Crawled caption data:
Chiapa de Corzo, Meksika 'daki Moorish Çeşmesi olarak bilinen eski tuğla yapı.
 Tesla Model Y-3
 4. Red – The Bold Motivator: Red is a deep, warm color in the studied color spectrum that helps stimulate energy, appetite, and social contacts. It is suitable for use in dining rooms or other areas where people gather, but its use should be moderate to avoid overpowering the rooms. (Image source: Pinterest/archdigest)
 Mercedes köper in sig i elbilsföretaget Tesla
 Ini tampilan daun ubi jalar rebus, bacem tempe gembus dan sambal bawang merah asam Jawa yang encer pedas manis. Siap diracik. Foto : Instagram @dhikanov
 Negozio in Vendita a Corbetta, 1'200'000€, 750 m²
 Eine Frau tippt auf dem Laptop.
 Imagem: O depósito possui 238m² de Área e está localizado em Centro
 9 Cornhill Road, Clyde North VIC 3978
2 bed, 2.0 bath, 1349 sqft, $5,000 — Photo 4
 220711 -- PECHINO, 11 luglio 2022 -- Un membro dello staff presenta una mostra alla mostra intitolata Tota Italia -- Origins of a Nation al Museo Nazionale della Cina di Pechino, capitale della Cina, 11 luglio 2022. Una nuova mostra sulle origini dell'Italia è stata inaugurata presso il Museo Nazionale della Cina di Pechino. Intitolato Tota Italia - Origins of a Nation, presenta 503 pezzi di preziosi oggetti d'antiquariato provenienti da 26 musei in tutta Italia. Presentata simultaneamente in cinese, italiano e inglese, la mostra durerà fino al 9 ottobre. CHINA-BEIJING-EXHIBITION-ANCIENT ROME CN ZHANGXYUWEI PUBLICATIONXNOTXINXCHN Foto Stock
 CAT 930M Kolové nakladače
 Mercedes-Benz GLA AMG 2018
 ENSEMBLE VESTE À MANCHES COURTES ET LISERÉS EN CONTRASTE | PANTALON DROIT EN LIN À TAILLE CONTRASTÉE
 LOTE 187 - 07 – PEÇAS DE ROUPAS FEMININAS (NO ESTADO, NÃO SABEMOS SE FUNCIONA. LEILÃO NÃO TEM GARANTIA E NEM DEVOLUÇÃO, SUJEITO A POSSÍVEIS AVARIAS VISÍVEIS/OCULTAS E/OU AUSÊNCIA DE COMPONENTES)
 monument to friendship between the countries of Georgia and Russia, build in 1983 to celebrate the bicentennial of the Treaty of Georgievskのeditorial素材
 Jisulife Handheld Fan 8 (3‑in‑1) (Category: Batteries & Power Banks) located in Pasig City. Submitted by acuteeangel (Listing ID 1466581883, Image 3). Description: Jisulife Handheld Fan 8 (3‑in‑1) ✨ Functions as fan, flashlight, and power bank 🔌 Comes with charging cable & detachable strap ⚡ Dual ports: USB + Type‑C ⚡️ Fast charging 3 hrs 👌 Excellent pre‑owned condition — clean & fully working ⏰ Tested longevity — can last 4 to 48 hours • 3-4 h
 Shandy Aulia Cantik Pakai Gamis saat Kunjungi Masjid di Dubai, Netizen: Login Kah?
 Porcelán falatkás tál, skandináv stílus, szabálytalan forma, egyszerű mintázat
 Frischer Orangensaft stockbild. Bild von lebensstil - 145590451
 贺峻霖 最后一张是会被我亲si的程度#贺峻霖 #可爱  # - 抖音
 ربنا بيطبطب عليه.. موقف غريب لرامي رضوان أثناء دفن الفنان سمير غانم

_What you have to do_: Every entry shown above should be transcribed without alteration.

_Completed task_:
Chiapa de Corzo, Meksika 'daki Moorish Çeşmesi olarak bilinen eski tuğla yapı.
 Tesla Model Y-3
 4. Red – The Bold Motivator: Red is a deep, warm color in the studied color spectrum that helps stimulate energy, appetite, and social contacts. It is suitable for use in dining rooms or other areas where people gather, but its use should be moderate to avoid overpowering the rooms. (Image source: Pinterest/archdigest)
 Mercedes köper in sig i elbilsföretaget Tesla
 Ini tampilan daun ubi jalar rebus, bacem tempe gembus dan sambal bawang merah asam Jawa yang encer pedas manis. Siap diracik. Foto : Instagram @dhikanov
 Negozio in Vendita a Corbetta, 1'200'000€, 750 m²
 Eine Frau tippt auf dem Laptop.
 Imagem: O depósito possui 238m² de Área e está localizado em Centro
 9 Cornhill Road, Clyde North VIC 3978
2 bed, 2.0 bath, 1349 sqft, $5,000 — Photo 4
 220711 -- PECHINO, 11 luglio 2022 -- Un membro dello staff presenta una mostra alla mostra intitolata Tota Italia -- Origins of a Nation al Museo Nazionale della Cina di Pechino, capitale della Cina, 11 luglio 2022. Una nuova mostra sulle origini dell'Italia è stata inaugurata presso il Museo Nazionale della Cina di Pechino. Intitolato Tota Italia - Origins of a Nation, presenta 503 pezzi di preziosi oggetti d'antiquariato provenienti da 26 musei in tutta Italia. Presentata simultaneamente in cinese, italiano e inglese, la mostra durerà fino al 9 ottobre. CHINA-BEIJING-EXHIBITION-ANCIENT ROME CN ZHANGXYUWEI PUBLICATIONXNOTXINXCHN Foto Stock
 CAT 930M Kolové nakladače
 Mercedes-Benz GLA AMG 2018
 ENSEMBLE VESTE À MANCHES COURTES ET LISERÉS EN CONTRASTE | PANTALON DROIT EN LIN À TAILLE CONTRASTÉE
 LOTE 187 - 07 – PEÇAS DE ROUPAS FEMININAS (NO ESTADO, NÃO SABEMOS SE FUNCIONA. LEILÃO NÃO TEM GARANTIA E NEM DEVOLUÇÃO, SUJEITO A POSSÍVEIS AVARIAS VISÍVEIS/OCULTAS E/OU AUSÊNCIA DE COMPONENTES)
 monument to friendship between the countries of Georgia and Russia, build in 1983 to celebrate the bicentennial of the Treaty of Georgievskのeditorial素材
 Jisulife Handheld Fan 8 (3‑in‑1) (Category: Batteries & Power Banks) located in Pasig City. Submitted by acuteeangel (Listing ID 1466581883, Image 3). Description: Jisulife Handheld Fan 8 (3‑in‑1) ✨ Functions as fan, flashlight, and power bank 🔌 Comes with charging cable & detachable strap ⚡ Dual ports: USB + Type‑C ⚡️ Fast charging 3 hrs 👌 Excellent pre‑owned condition — clean & fully working ⏰ Tested longevity — can last 4 to 48 hours • 3-4 h
 Shandy Aulia Cantik Pakai Gamis saat Kunjungi Masjid di Dubai, Netizen: Login Kah?
 Porcelán falatkás tál, skandináv stílus, szabálytalan forma, egyszerű mintázat
 Frischer Orangensaft stockbild. Bild von lebensstil - 145590451
 贺峻霖 最后一张是会被我亲si的程度#贺峻霖 #可爱  # - 抖音
 ربنا بيطبطب عليه.. موقف غريب لرامي رضوان أثناء دفن الفنان سمير غانم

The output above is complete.